O vôo do mosca

Resenha do livro "Villa", de Luis Gusmán
Luis Gusmán, autor de “Villa”
01/01/2002

Villa era um mosca. Sem erros de concordância. Um sombra. Um braço direito, ou de ferro, como preferirem. Ficava ali, a rondar os jogadores de pôquer dos clubes de Avellaneda, uma cidadezinha argentina. Agitava os braços como se quisesse voar. Feito os insetos que emprestaram seu nome à função que desempenhava. Era um guarda-costas de políticos, empresários e artistas. Que nunca lhe deram valor, mas que também nunca lhe cobraram grandes atitudes.

Cansou de voar ao redor das mesas de jogo, no entanto. Preferiu arriscar manobras mais altas. Virou médico, em Buenos Aires. Mais por influência de Firpo, um “doutor” inteligente e classudo que praticava a medicina nas altas rodas do governo peronista, do que por vontade própria. A boa memória de Villa, dizia Firpo, garantiria sucesso nas provas da faculdade. E assim foi. Só que Villa virou um médico-mosca. Seria um mosca a vida inteira, não tinha jeito. Nunca quis ser chefe de nada e de ninguém. Preferia ser o braço direito do chefe. É mais confortável. Por isso, vivia à sombra de Firpo. Não se preocupava realmente com aquele juramento feito na Faculdade, de que iria tratar dos enfermos em qualquer circunstância. Missão praticamente divina, essa de poder curar.

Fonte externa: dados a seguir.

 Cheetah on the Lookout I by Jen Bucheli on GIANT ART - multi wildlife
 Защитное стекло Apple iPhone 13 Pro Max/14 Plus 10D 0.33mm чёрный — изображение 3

Durante anos, era um dos primeiros a chegar ao consultório. Mas quase não atendia ninguém. Sua função era mais burocrática do que qualquer outra coisa. Mas não se incomodava muito. Preferia não ter a responsabilidade sobre a vida das pessoas. Essa que os médicos carregam de cuidar da vida dos outros. Gostava mais de voar por aí. Sempre seguindo os passos, um tanto cambaleantes, do velho Firpo.

Mas os anos 70, quando Villa era esse médico-mosca, eram agitados. Perón acabara de morrer, e um golpe de estado era iminente. A Argentina vivia uma crise tremenda. Pessoas desapareciam assim, sem mais nem menos. E moscas rondavam os vazios. Algo teria de ser feito. Mas não por Villa. Não. Ele estava em cima do muro. Como todo mosca que se preze. E iria ficar ali até o fim.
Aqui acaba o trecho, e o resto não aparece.